If unemployment is the main reason for supporting failing firms, I think that it would be reasonable to assume that a new firm would come into being to replace the failed firm, thereby creating new jobs without the need of government stimulus. As it is these firms continually have to cut jobs, so it might even be more efficient to just let the firm die out and let a new one replace it, bringing new and similar jobs along with it.
James Street
Nov 2 2009 at 12:07pm
“Survival of the fittest” is a literary metaphor which has no objective biological or socio-economic meaning. The dinosaurs became extinct, according to most evolutionary biologists, because of an accidental occurrence which had nothing to do with “God’s will” or “biological fitness” or any other human valuation. They were cold blooded and could not survive the “nuclear” winter that followed a massive strike on earth by a random meteorite.
The concept “Social Darwinism” is a euphemism which consecrates the world as it is. According to social Darwinism, if Hitler had won the war and exterminated most of the Jews and Slavs, that would have been a good thing, simply because it happened or “succeeded.”
When the Roman Empire was in the process of collapsing, during the fifth century, a Christian philosopher-theologian, called Saint Augustine, helped to lay the foundation for a new way of life which was not based on slavery and war (Rome) but was based on ethics and religious values (Medieval Europe.)
My guess is that socialism will produce its own Saint Augustine and Saint Thomas Aquinas who will lay the foundation for a new society based on human values similar to those of the Medieval Catholic Church.

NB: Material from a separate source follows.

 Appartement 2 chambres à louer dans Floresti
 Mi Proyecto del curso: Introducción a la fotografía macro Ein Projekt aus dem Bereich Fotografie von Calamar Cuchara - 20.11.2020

These new philosophers will use the terminology of economics, and all of the social sciences, just as Augustine and Aquinas used the philosophical terminology of Plato and Aristotle.
We can only hope that societies based on science and philosophy will not fall into another Dark Ages that followed the Christian attempt to build a society based on Greco-Roman thought.
Whatever the case, it is folly to announce that we live in “the best of all possible worlds” as Voltaire demonstrated 250 years ago in Candide. Lisbon earthquakes will occur on a daily basis and the best will be destroyed along with the worst.
“Survival of the fittest” is just another cheer leading call. It makes some people feel better but it is only a hollow tautology: what survives survives. Rah, rah, rah. Lisbon earthquake, cis boom bah.